BEGIN Given data
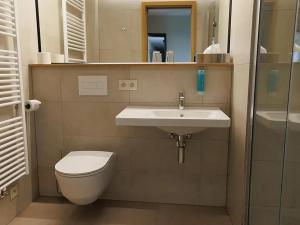 Pronájem bytu 1+kk, Plzeň, Pallova, 32 m2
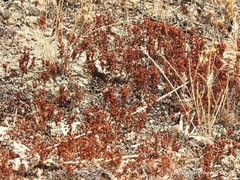 Crassula vaillantii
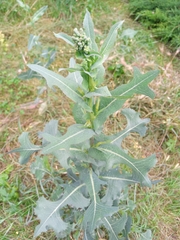 Lactuca serriola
END Given data
→ **What you will do**
Without the pictures, write out the whole listing exactly as it appears.

→ **Exercise result**
 Pronájem bytu 1+kk, Plzeň, Pallova, 32 m2
 Crassula vaillantii
 Lactuca serriola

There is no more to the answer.